**YOUR GOAL**:
Your answer should be only the lines below from the one with "Station & Airport Terminal Expo 2017" to the one with "Теплое белье, макароны, душевные", repeated exactly, ends included.

*** Opening DATA EXCERPTS ***

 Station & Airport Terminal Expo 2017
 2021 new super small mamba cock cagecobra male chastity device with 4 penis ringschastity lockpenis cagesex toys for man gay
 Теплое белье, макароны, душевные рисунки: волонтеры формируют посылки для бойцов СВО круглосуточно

*** Closing DATA EXCERPTS ***
*** Opening DATA EXCERPTS ***

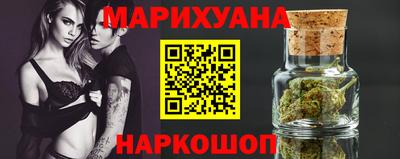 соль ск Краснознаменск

*** Closing DATA EXCERPTS ***

**SOLUTION TO THE EXERCISE**:
 Station & Airport Terminal Expo 2017
 2021 new super small mamba cock cagecobra male chastity device with 4 penis ringschastity lockpenis cagesex toys for man gay
 Теплое белье, макароны, душевные рисунки: волонтеры формируют посылки для бойцов СВО круглосуточно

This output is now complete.